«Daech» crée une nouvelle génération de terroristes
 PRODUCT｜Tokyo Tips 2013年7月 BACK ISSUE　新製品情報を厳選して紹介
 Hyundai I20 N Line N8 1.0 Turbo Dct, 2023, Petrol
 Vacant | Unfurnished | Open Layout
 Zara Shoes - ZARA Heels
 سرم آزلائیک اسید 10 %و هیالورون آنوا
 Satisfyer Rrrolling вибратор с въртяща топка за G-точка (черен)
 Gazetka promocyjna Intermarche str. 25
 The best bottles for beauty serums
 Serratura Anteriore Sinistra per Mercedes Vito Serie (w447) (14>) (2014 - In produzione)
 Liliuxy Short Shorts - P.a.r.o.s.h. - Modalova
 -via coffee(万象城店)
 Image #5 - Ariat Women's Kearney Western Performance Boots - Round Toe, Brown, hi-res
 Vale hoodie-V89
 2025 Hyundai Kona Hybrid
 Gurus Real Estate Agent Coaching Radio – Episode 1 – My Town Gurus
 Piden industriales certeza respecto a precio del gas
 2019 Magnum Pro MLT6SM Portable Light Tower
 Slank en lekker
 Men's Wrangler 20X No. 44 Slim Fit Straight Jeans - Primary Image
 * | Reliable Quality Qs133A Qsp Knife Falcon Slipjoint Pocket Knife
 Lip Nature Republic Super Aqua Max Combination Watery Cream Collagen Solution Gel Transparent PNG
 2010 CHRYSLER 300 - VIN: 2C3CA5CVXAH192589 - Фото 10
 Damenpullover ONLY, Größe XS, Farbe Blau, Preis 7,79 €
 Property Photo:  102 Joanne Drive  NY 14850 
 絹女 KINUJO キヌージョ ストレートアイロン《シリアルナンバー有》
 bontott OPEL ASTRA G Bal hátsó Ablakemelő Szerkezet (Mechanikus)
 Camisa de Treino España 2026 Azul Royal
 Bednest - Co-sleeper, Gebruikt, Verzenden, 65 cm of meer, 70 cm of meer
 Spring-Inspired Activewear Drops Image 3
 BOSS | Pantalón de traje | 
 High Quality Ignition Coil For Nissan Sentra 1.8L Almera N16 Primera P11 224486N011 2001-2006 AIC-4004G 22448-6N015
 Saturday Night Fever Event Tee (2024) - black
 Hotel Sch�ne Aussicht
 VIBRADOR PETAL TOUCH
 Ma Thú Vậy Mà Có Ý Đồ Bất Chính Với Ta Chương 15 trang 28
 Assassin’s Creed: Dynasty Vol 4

· · ·

(What needs to be done) Each line in the material with "Image" in it must be reported.

(Completed exercise)
 Image #5 - Ariat Women's Kearney Western Performance Boots - Round Toe, Brown, hi-res
 Men's Wrangler 20X No. 44 Slim Fit Straight Jeans - Primary Image
 Spring-Inspired Activewear Drops Image 3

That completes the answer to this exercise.